LIVRO: “Diário Incontínuo”,
de Mário Cláudio
Edição | Maria do Rosário Pedreira
Ed. Publicações Dom Quixote, Julho de 2024
“Porto, Terça-feira, 13 de Abril de 2010
O José Carlos Vasconcelos pede-me alguns fragmentos deste diário para publicar no seu Jornal de Letras, e vejo-me em dificuldades porque ora os encontro demasiado íntimos, ora demasiado anódinos, ora demasiado perigosos.”
Íntimas, anódinas, perigosas! Não encontro melhor definição para o conjunto de entradas que dão forma, entre os dias 1 de Janeiro de 1958 e 10 de Setembro de 2019, àquilo que Mário Cláudio designa por “diário incontínuo”. Nele, o escritor revela-se por inteiro, num percurso de vida onde cabem amores e embirrações, conquistas e frustrações, decisões adiadas e murros na mesa, nada assim tão distante das riquezas e misérias que condimentam o quotidiano de cada um de nós. Apenas com uma diferença, bem avultada, por sinal: Os actores que com Mário Claúdio contracenam no palco da vida são figuras maiores das artes e das letras deste país – de Júlio Resende, Manuel Alegre, José Rodrigues e Eugénio de Andrade, a Vasco Graça Moura, Agustina Bessa-Luís, Manuel António Pina e Maria do Rosário Pedreira, entre tantos, tantos outros -, também eles com as suas grandezas e misérias. Gente que, as mais das vezes, oferece entendimento, mas se mostra escassa no tocante a Humanidade, o que leva o autor a confessar ser infinito “o espectro das pessoas que me interessam, como infinito é o daqueles que aborreço”.

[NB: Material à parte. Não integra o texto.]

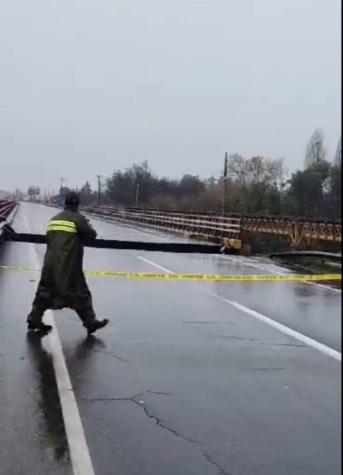Puente Lircay se partió en dos en Talca: cerraron autopista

Entre manhãs claríssimas e nítidas, tardes de chuva e noites a ouvir a mastigação dos bichos da madeira, vamos acompanhando Mário Cláudio no que um homem pode ter, em partes iguais, de selvagem, apaixonado e cívico. É divertida a forma como, a partir de dada altura, assume prosseguir ondulantemente com uma dieta no horizonte, enquanto peregrina pelo Solar do Moinho de Vento, o Tripeiro, a Nanda, o Dom Tonho, o Pap’Açorda ou a Cozinha da Maria Eugénia. Entre os momentos dedicados à escrita de obras tão importantes como “Peregrinação de Barnabé das Índias”, “Ursamaior”, “Camilo Broca” ou “Retrato de Rapaz” e as viagens - o pesadelo de poeira e ferros torcidos de Manchester, as hordas de turistas de Veneza, Frankfurt e a incontornável Feira do Livro -, tempo para olhar o Douro em Entre-os-Rios, contemplar a Nazaré vista do Sítio, lamentar a “parda e seca” charneca alentejana ou dar um passeio junto à praia em Vila do Conde. Percebe-se, como o autor afirma, “uma impossibilidade de se circunscrever à obrigação”. Tudo é sugestão e atractivo, visões de que o próprio Mário Cláudio é o centro.

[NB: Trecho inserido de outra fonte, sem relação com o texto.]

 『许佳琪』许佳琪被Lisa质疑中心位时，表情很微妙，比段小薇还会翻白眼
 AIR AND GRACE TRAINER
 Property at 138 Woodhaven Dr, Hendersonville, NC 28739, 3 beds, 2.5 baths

Para quem, como eu, aprecie biografias, um livro como “Diário Incontínuo” é uma fonte inesgotável de prazer e fascínio. A grande política faz-se ausente, mas avultam sentimentos fortes numa sonata de Kodaly, num prelúdio de Chopin ou na “Sinfonia do Mar” de Vaughan Williams. A explosão do génio de Turner torna ainda maior o vazio de duas exposições em Serralves. Uma comunidade de leitores pode ser o melhor antídoto à outorga de um prémio literário e uma tristeza revoltada faz-se presente face à inexistência de uma pluralidade de vozes críticas no seio dos escritores portugueses. Há muitos livros - sempre! - e muitos museus, a goiabada da tia Justina e as andorinhas que regressam aos ninhos à entrada da casa, um cilindro que rebenta “mas ninguém se afoga” e o protesto em fúria das hemorróides contra a mostarda japonesa, um ataque traiçoeiro do Jasão e o esquecimento de fechar a braguilha. Há tuias e juníperos, narcisos azuis, japoneiras, agapantos, a magnólia dos Congregados. E há, claro, Venade e a verdejante paisagem em redor, a Dona Maria Alice, o Joaquim, o Mike, o Rui e o Puck, a casa por arrumar e as obras por fazer, o vizinho Silvério com as suas dádivas habituais de feijão e ovos, a visita do compasso pascal, a adopção de dois gatinhos de mama, a casa sempre aberta para receber os amigos. Ide ler. Este diário é pão!